Instructions to follow:
Restate word for word the lines in the listing below, starting at the line containing "Experience online casinos" and ending at the line containing "60. Geburtstag Fahrrad", both included; leave out the rest.

Material supplied:
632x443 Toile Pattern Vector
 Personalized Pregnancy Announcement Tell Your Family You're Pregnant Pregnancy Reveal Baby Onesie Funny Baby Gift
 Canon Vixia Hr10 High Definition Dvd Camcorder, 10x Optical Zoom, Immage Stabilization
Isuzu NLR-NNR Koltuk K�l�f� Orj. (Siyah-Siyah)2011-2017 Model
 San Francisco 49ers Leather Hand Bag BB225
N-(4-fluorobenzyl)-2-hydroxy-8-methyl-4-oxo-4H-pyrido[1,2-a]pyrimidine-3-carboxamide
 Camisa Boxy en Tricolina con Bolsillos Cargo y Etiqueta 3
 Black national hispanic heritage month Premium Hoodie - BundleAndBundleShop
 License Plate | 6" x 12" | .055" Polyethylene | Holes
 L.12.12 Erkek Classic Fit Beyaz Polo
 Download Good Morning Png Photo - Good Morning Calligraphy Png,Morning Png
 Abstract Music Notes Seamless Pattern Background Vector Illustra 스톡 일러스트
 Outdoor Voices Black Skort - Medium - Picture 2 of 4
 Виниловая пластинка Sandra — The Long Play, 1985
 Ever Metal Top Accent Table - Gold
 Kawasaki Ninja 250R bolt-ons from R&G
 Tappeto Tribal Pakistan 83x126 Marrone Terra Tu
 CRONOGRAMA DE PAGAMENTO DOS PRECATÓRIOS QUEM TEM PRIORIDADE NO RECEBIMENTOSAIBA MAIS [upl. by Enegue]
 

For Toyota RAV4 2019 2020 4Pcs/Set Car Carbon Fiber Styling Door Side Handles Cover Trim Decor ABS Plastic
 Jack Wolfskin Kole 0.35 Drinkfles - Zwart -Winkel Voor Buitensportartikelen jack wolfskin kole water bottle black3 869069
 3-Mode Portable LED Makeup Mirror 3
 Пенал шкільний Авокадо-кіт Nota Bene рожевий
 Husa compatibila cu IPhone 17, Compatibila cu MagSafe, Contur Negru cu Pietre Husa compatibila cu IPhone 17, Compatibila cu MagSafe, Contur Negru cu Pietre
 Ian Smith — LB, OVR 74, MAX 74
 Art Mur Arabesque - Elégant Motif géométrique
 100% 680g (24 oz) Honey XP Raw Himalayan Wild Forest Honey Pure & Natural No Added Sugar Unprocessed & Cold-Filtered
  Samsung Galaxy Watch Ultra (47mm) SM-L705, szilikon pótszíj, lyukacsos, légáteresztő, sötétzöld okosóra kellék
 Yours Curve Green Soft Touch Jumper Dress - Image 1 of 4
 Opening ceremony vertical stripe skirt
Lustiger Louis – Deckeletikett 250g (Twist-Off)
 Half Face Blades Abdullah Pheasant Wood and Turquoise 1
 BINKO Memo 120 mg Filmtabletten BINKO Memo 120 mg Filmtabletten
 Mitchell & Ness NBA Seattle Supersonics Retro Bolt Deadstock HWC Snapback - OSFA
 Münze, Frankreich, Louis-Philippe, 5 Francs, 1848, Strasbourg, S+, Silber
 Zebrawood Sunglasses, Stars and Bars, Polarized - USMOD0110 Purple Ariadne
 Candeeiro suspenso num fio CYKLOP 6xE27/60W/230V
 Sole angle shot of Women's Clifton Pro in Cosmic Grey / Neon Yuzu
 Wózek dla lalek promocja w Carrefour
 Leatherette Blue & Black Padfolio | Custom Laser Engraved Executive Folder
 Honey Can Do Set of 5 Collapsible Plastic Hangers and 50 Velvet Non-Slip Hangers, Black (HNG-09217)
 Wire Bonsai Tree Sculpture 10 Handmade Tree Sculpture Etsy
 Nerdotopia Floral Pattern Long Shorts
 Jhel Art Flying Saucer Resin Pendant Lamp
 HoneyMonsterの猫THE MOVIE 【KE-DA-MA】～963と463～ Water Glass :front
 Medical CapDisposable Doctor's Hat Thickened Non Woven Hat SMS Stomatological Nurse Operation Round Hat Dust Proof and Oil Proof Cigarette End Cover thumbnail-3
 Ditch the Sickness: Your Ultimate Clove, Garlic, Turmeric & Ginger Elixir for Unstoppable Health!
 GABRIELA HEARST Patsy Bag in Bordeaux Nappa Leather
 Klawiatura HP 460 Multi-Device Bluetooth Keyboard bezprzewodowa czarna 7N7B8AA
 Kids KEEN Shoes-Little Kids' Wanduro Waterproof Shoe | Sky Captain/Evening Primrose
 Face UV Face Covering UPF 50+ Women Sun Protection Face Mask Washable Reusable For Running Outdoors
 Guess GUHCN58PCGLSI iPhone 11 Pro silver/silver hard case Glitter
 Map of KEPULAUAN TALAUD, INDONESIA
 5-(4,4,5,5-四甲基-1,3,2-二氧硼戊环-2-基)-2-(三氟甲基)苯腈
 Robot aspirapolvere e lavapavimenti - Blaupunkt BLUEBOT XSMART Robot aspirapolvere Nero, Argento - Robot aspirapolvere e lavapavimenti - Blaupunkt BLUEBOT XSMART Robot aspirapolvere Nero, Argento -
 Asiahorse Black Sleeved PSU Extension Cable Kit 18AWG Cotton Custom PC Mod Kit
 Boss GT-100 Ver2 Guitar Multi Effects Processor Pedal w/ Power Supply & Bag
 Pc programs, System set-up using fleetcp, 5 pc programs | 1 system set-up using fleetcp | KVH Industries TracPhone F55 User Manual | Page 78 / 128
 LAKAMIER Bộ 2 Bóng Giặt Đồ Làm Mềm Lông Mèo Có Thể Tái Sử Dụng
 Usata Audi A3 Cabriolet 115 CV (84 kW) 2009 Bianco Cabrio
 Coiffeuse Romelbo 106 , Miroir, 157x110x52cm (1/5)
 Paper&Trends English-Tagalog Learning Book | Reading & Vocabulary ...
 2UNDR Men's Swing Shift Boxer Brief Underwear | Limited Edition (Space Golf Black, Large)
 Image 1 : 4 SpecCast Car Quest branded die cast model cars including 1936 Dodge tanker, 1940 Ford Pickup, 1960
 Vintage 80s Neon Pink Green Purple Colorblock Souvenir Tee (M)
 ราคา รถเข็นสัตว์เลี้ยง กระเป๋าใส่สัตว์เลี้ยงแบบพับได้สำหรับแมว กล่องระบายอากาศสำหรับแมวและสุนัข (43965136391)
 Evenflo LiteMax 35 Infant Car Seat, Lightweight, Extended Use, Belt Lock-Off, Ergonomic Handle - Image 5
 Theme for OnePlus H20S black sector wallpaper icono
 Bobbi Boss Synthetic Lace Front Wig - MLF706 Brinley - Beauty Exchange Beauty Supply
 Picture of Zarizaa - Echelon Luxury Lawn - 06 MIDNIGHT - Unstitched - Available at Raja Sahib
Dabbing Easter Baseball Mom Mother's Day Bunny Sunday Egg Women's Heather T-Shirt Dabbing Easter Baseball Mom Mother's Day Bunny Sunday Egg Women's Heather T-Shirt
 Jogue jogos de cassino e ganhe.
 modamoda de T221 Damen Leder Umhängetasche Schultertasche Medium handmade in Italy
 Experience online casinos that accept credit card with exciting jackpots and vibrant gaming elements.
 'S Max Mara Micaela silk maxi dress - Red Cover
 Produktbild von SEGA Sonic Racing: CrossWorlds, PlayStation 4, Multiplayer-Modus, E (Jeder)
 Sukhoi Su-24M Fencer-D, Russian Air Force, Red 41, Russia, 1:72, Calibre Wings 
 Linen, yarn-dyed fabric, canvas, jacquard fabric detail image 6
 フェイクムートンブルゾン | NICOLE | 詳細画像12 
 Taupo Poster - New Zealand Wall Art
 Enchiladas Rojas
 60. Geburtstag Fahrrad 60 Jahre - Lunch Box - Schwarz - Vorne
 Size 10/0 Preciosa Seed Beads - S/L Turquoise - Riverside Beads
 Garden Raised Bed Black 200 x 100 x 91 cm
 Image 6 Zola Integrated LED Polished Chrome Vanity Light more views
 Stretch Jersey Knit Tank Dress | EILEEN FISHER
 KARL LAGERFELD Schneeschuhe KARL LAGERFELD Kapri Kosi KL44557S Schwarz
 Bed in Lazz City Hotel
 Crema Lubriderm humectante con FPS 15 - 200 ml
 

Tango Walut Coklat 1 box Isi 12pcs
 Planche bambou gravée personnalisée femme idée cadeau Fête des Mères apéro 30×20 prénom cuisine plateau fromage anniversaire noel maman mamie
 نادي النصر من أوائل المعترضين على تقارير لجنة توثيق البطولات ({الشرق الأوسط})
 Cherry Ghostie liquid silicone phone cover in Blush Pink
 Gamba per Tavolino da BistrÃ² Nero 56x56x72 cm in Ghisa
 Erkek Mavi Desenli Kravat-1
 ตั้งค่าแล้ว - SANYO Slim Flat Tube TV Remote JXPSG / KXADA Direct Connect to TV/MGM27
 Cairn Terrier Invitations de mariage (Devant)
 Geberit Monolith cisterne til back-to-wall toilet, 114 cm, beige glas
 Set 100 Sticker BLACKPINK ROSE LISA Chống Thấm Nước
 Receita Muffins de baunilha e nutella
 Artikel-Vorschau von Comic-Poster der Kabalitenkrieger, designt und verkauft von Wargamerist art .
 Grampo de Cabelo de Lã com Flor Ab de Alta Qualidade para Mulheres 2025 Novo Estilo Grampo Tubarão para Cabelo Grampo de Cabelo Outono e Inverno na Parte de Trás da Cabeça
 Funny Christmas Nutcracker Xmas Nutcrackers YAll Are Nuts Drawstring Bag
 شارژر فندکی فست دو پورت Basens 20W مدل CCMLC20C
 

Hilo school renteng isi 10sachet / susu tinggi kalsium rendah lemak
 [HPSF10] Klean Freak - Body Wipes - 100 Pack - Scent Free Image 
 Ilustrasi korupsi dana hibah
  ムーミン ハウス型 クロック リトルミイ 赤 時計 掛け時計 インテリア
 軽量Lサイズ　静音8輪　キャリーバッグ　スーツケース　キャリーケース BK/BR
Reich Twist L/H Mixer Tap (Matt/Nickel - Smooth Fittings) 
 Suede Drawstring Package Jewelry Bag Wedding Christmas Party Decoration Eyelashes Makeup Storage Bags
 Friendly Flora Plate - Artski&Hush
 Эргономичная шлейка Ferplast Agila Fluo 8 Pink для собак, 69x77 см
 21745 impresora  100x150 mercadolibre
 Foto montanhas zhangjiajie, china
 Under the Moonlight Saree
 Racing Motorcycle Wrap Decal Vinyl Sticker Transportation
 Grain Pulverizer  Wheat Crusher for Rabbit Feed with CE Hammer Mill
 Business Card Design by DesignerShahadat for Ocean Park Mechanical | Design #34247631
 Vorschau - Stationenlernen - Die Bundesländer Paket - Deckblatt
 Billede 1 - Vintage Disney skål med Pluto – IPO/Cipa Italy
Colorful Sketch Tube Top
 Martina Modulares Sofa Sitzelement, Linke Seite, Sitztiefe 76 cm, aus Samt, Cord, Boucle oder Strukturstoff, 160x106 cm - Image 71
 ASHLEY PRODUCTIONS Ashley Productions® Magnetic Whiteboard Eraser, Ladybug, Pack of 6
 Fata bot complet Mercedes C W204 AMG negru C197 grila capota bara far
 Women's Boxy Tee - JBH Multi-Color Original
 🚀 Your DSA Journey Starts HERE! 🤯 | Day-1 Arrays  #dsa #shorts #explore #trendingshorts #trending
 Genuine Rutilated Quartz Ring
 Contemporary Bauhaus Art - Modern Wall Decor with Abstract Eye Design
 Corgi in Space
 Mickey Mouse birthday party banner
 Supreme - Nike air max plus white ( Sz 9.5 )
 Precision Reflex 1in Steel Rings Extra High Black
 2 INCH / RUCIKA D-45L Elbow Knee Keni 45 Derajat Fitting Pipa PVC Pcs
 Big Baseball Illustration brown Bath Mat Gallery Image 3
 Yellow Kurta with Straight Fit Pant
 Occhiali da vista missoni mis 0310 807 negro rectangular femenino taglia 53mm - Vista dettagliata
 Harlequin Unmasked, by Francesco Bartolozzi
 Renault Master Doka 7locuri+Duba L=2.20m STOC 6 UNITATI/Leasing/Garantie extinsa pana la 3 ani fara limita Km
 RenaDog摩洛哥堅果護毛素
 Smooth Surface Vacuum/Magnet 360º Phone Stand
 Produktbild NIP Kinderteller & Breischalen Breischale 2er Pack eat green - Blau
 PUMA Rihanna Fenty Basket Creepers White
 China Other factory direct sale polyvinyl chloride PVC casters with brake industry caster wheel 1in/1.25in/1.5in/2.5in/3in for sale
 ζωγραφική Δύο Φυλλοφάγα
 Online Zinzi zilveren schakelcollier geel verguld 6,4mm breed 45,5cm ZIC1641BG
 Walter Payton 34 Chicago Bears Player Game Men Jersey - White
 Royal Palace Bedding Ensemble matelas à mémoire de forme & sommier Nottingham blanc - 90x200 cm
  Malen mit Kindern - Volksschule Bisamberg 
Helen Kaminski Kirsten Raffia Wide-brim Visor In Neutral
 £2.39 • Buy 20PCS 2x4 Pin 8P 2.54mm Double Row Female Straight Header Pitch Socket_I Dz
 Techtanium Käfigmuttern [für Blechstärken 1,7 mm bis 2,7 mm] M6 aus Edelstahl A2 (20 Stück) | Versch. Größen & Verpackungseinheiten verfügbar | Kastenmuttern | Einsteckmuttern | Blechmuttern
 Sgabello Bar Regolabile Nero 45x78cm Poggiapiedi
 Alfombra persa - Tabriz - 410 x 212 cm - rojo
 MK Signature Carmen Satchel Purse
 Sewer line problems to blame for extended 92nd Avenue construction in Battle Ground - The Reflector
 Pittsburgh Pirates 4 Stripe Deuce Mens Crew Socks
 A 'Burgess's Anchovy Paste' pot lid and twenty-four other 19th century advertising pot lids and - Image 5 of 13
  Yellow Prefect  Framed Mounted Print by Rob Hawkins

Answer box:
 Experience online casinos that accept credit card with exciting jackpots and vibrant gaming elements.
 'S Max Mara Micaela silk maxi dress - Red Cover
 Produktbild von SEGA Sonic Racing: CrossWorlds, PlayStation 4, Multiplayer-Modus, E (Jeder)
 Sukhoi Su-24M Fencer-D, Russian Air Force, Red 41, Russia, 1:72, Calibre Wings 
 Linen, yarn-dyed fabric, canvas, jacquard fabric detail image 6
 フェイクムートンブルゾン | NICOLE | 詳細画像12 
 Taupo Poster - New Zealand Wall Art
 Enchiladas Rojas
 60. Geburtstag Fahrrad 60 Jahre - Lunch Box - Schwarz - Vorne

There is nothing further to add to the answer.